12 Settembre Set 2017 12 settembre 2017

Di norma l'assessore delegato dal sindaco ad amministrare un determinato settore dispone delle competenze personali necessarie a svolgere il compito con profitto? La risposta è negativa. Per la semplice ragione che nella gran parte dei casi i criteri di assegnazione rispondono a ragioni dettate dalla politica.

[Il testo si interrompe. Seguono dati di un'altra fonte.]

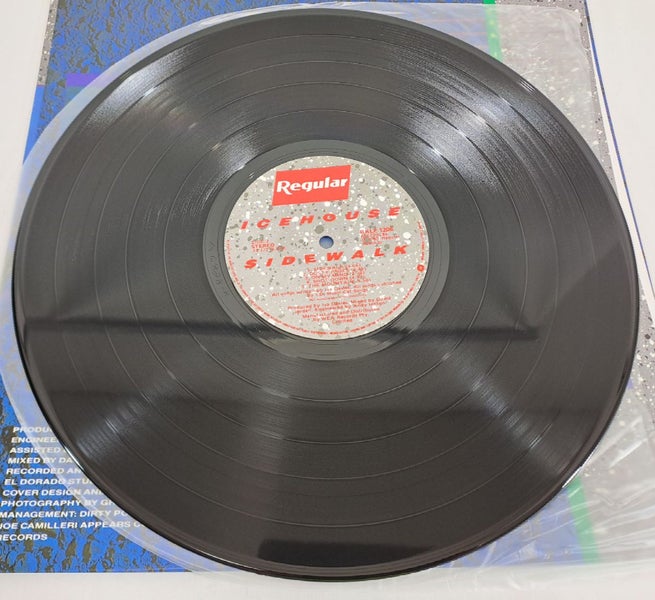Icehouse, Sidewalk LP Carousel 5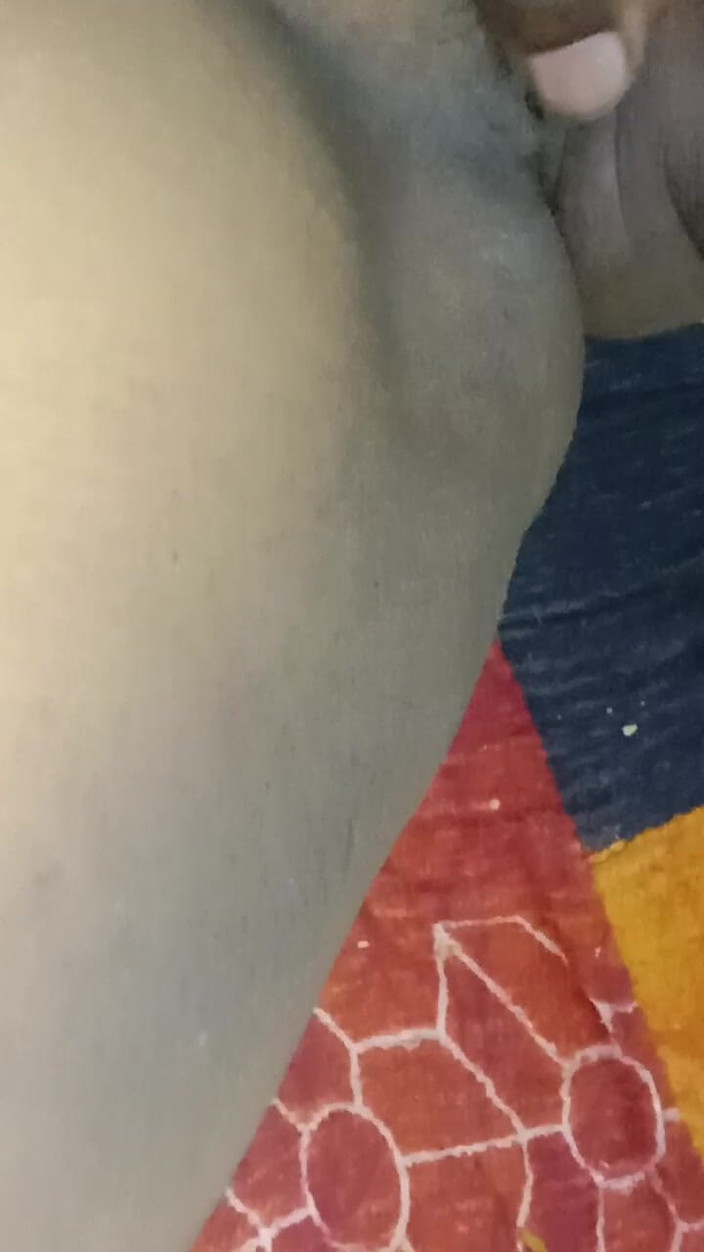 Tamil Anti Uma: Eu estava me divertindo com minha madrasta, olhando para sua...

L'assenza di un percorso conoscitivo adeguato ne inficia all'origine l'autorevolezza in modo particolare nel suo sovraintendere all'insieme degli uffici che compongono l'assessorato. Veri e propri centri di controllo in mano a burocrati spesso scaltri. Tuttavia, il problema di fondo non riguarda solo la competenza specifica. Per amministrare con criterio specie la cosa pubblica necessita una preparazione di tipo manageriale. La crisi continua nella quale si dibattono i Comuni affonda in questa mancata consapevolezza. Gli ultimi dati forniti dal Tesoro confermano l'emergenza: i Comuni hanno debiti per 50 miliardi, le Regioni per 64. Malagestione per diffusa incompetenza. Un'amministrazione intraprende un cammino virtuoso solo in presenza di assessori manager, forti sulla materia, abili nella relazione, decisi nel prendere per le corna la burocrazia. Il cittadino non chiede altro che la sua città venga governata da professionisti all'altezza. Che sappiano far tornare i conti assicurando i servizi migliori alla collettività. Una giunta comunale non deve occuparsi dei massimi sistemi: la buona politica comunale è quella che riconosce i propri limiti nella gestione specifica e che sceglie gli assessori manager in base al curriculum e alle esperienza maturate non solo in ambito accademico ma principalmente in contesti aziendali. La politica, anziché invadere tutto, incominci a studiare come sono amministrate molte capitali estere. Che differenza fa se un assessore è di destra o di sinistra: l'importante è che, nel settore di sua competenza, amministri bene.